From 1c75c36c0230cfca6ca8b2fc3c97d826b4460988 Mon Sep 17 00:00:00 2001
From: Robin Linacre <robin.linacre@digital.justice.gov.uk>
Date: Fri, 3 Nov 2023 09:38:56 +0000
Subject: [PATCH 1/3] refactor blocking sql

---
 splink/analyse_blocking.py    |  9 ++--
 splink/blocking.py            | 90 +++++++++++++++++++++--------------
 splink/em_training_session.py |  7 +--
 splink/estimate_u.py          |  7 +--
 splink/linker.py              | 28 ++++++-----
 splink/m_training.py          |  8 ++--
 6 files changed, 89 insertions(+), 60 deletions(-)
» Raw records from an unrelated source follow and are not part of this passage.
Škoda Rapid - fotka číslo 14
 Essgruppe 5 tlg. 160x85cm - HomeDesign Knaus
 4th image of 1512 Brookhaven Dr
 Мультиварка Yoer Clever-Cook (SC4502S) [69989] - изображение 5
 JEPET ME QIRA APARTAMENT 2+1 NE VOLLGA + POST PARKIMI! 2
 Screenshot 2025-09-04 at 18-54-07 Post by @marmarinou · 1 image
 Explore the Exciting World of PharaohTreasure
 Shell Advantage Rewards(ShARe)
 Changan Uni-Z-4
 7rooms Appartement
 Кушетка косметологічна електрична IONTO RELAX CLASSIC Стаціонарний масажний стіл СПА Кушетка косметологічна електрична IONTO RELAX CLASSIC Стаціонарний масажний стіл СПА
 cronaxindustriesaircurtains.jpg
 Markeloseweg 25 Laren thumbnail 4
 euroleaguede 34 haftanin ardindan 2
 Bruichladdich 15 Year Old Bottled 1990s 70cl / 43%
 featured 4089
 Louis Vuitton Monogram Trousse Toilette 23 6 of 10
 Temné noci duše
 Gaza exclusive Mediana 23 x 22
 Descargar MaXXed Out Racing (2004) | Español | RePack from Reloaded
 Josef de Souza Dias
diff --git a/splink/analyse_blocking.py b/splink/analyse_blocking.py
index 201ec6e9c8..d4105123a5 100644
--- a/splink/analyse_blocking.py
+++ b/splink/analyse_blocking.py
@@ -5,7 +5,7 @@
 
 import pandas as pd
 
-from .blocking import BlockingRule, _sql_gen_where_condition, block_using_rules_sql
+from .blocking import BlockingRule, _sql_gen_where_condition, block_using_rules_sqls
 from .misc import calculate_cartesian, calculate_reduction_ratio
 
 # https://stackoverflow.com/questions/39740632/python-type-hinting-without-cyclic-imports
@@ -83,8 +83,9 @@ def cumulative_comparisons_generated_by_blocking_rules(
         cartesian = calculate_cartesian(row_count_df, settings_obj._link_type)
 
     # Calculate the total number of rows generated by each blocking rule
-    sql = block_using_rules_sql(linker)
-    linker._enqueue_sql(sql, "__splink__df_blocked_data")
+    sqls = block_using_rules_sqls(linker)
+    for sql in sqls:
+        linker._enqueue_sql(sql["sql"], sql["output_table_name"])
 
     brs_as_objs = linker._settings_obj_._blocking_rules_to_generate_predictions
 
@@ -92,7 +93,7 @@ def cumulative_comparisons_generated_by_blocking_rules(
         select
         count(*) as row_count,
         match_key
-        from __splink__df_blocked_data
+        from __splink__df_blocked
         group by match_key
         order by cast(match_key as int) asc
     """
diff --git a/splink/blocking.py b/splink/blocking.py
index 18e697b624..7cd7fda6c2 100644
--- a/splink/blocking.py
+++ b/splink/blocking.py
@@ -197,7 +197,7 @@ def _sql_gen_where_condition(link_type, unique_id_cols):
 
 
 # flake8: noqa: C901
-def block_using_rules_sql(linker: Linker):
+def block_using_rules_sqls(linker: Linker):
     """Use the blocking rules specified in the linker's settings object to
     generate a SQL statement that will create pairwise record comparions
     according to the blocking rule(s).
@@ -206,6 +206,54 @@ def block_using_rules_sql(linker: Linker):
     so that duplicate comparisons are not generated.
     """
 
+    sqls = []
+
+    # For the two dataset link only, rather than a self join of
+    # __splink__df_concat_with_tf, it's much faster to split the input
+    # into two tables, and join (because then Splink doesn't have to evaluate)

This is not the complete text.